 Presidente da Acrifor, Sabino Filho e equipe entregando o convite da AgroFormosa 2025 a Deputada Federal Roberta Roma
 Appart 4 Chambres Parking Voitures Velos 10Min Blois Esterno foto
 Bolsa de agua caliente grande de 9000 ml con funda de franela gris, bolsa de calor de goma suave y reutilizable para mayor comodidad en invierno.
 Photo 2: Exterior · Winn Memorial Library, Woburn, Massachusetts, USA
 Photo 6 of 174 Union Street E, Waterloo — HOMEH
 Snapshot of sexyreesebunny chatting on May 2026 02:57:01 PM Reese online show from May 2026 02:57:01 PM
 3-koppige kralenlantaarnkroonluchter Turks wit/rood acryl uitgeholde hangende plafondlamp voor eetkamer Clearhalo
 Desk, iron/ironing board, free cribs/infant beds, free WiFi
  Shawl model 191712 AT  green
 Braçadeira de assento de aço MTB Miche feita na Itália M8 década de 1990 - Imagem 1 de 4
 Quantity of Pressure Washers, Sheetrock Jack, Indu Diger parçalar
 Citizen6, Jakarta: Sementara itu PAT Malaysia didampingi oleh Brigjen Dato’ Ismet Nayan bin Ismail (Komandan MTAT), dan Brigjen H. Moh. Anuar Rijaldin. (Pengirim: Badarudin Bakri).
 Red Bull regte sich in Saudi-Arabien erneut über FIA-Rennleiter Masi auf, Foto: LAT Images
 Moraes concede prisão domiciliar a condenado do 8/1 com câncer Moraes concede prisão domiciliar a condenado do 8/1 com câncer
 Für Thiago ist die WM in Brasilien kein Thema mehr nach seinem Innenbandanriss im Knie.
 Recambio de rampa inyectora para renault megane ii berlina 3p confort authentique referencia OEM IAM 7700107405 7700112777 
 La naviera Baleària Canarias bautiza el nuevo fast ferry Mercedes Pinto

■ Work instruction: Wherever the line holding "Shawl model 191712" falls in the entries above, copy exactly from it through the line holding "Citizen6, Jakarta: Sementara", inclusive, and add nothing.

■ Response to this task:
  Shawl model 191712 AT  green
 Braçadeira de assento de aço MTB Miche feita na Itália M8 década de 1990 - Imagem 1 de 4
 Quantity of Pressure Washers, Sheetrock Jack, Indu Diger parçalar
 Citizen6, Jakarta: Sementara itu PAT Malaysia didampingi oleh Brigjen Dato’ Ismet Nayan bin Ismail (Komandan MTAT), dan Brigjen H. Moh. Anuar Rijaldin. (Pengirim: Badarudin Bakri).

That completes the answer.